- **WORK INSTRUCTION**
Go through the records and copy each line where the string "Random" occurs.

#### INPUT FOR THIS TASK ####

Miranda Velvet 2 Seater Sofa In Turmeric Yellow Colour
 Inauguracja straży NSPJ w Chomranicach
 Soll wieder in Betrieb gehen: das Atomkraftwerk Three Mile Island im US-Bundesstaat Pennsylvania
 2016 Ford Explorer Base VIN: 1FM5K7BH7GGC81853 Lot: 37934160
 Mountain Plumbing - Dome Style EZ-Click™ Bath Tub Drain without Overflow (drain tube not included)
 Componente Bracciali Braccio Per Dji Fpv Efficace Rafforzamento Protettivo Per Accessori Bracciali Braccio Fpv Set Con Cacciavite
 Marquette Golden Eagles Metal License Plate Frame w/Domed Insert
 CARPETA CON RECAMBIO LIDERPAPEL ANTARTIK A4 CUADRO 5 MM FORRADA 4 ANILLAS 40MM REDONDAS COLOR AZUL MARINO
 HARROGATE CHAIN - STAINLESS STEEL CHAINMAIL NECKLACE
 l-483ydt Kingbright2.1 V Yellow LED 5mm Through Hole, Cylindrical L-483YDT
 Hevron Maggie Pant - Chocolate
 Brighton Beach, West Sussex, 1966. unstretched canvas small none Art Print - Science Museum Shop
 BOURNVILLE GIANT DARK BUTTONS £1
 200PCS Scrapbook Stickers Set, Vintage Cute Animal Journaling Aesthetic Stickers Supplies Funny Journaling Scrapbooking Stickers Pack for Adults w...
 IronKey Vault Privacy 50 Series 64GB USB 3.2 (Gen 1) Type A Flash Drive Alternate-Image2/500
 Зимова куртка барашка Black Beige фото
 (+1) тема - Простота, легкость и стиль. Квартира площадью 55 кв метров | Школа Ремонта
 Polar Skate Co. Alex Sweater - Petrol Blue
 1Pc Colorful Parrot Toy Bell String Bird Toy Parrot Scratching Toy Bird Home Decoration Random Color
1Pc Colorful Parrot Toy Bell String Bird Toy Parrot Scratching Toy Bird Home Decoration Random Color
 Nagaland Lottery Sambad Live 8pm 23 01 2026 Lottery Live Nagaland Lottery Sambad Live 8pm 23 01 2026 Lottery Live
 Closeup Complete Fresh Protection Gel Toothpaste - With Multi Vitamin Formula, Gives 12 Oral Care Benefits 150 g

####

- **WRITTEN SOLUTION**
 1Pc Colorful Parrot Toy Bell String Bird Toy Parrot Scratching Toy Bird Home Decoration Random Color
1Pc Colorful Parrot Toy Bell String Bird Toy Parrot Scratching Toy Bird Home Decoration Random Color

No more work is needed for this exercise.